Give back, unaltered, the lines from the one with "Product thumb gallery 3961365" to the end of the material, omitting pictures.
Start of Given information
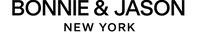 Bonnie & Jason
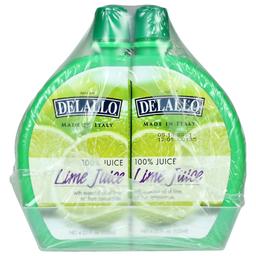 Product thumb gallery 3961365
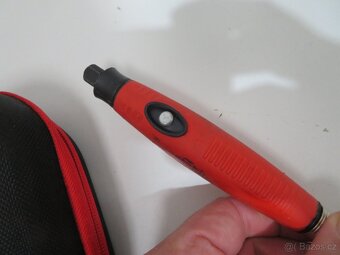 MaxShine Mini Leštící systém - 2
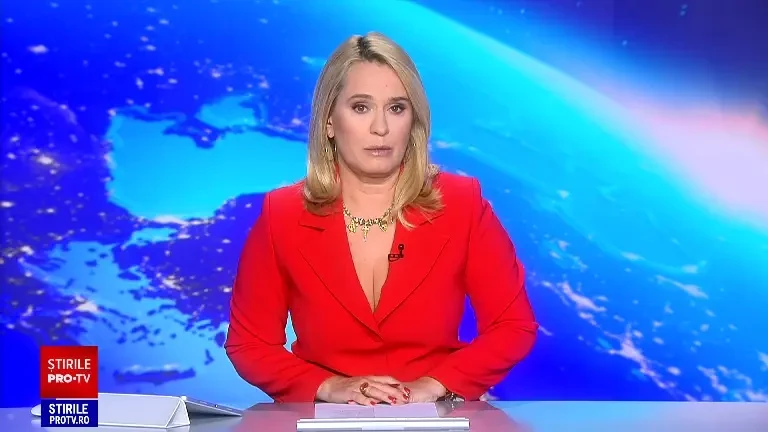 Diana Șoșoacă: „Mi-a anulat candidatura la preşedinţia României pentru că am luptat împotriva botniţei din pandemie”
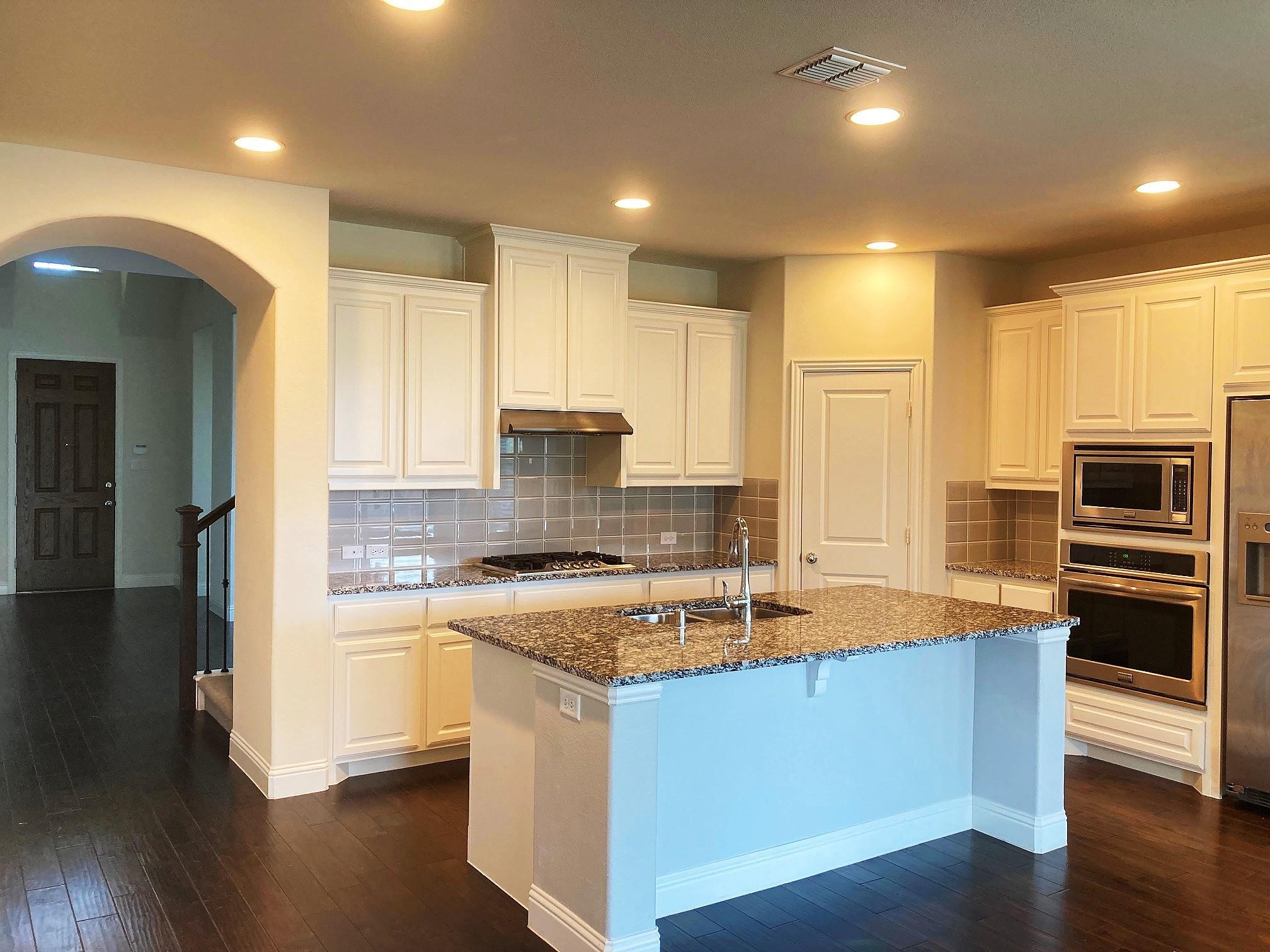 1106 Bryce Canyon Drive Celina TX 75009
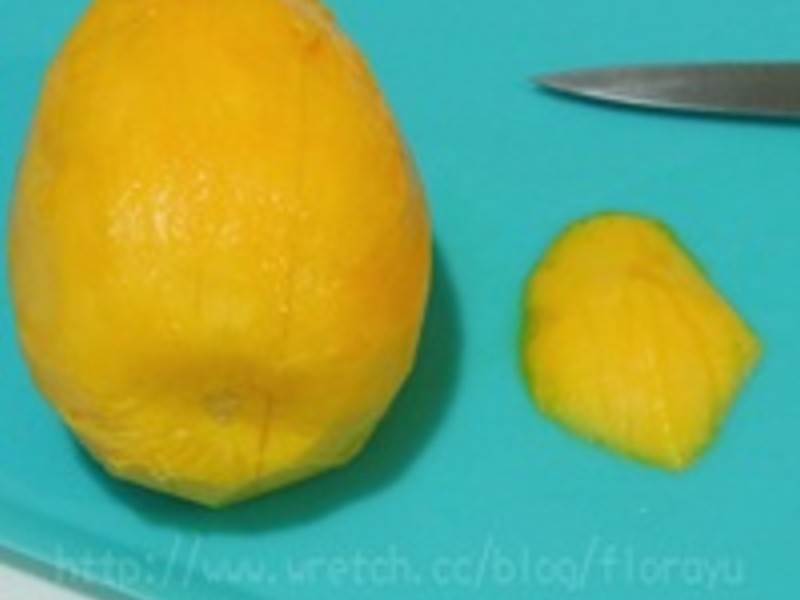 â��������ꪺͼ���â����������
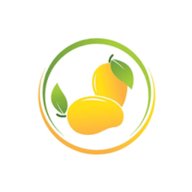 芒果影视在线观看版
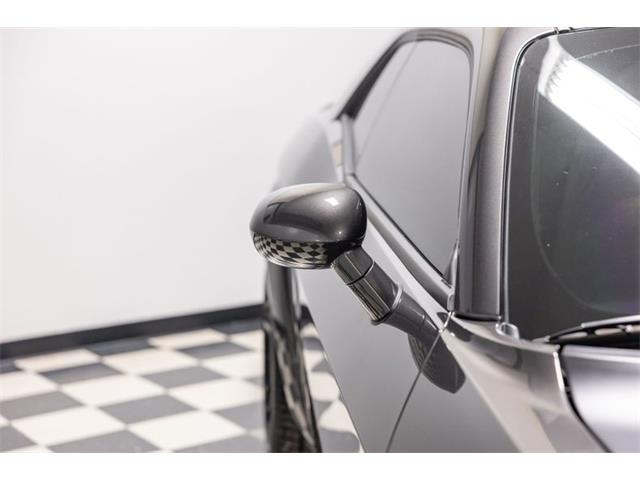 2023 Dodge Challenger Hellcat Redeye (CC-2083035) for sale in Strafford, Missouri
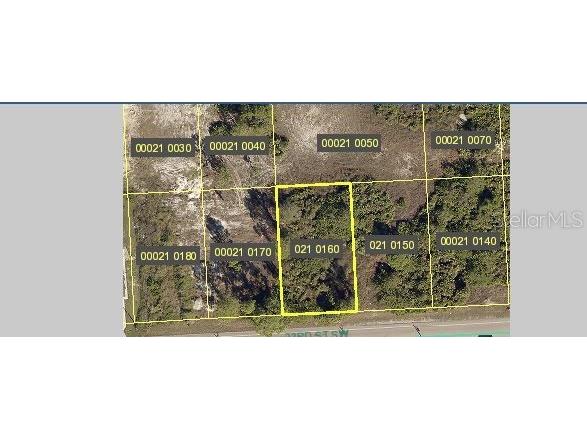 3000 23rd Street SW Lehigh Acres FL 33976 C7472417 image1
End of Given information
▶ **Exercise response**:
 Product thumb gallery 3961365
 MaxShine Mini Leštící systém - 2
 Diana Șoșoacă: „Mi-a anulat candidatura la preşedinţia României pentru că am luptat împotriva botniţei din pandemie”
 1106 Bryce Canyon Drive Celina TX 75009
 â��������ꪺͼ���â����������
 芒果影视在线观看版
 2023 Dodge Challenger Hellcat Redeye (CC-2083035) for sale in Strafford, Missouri
 3000 23rd Street SW Lehigh Acres FL 33976 C7472417 image1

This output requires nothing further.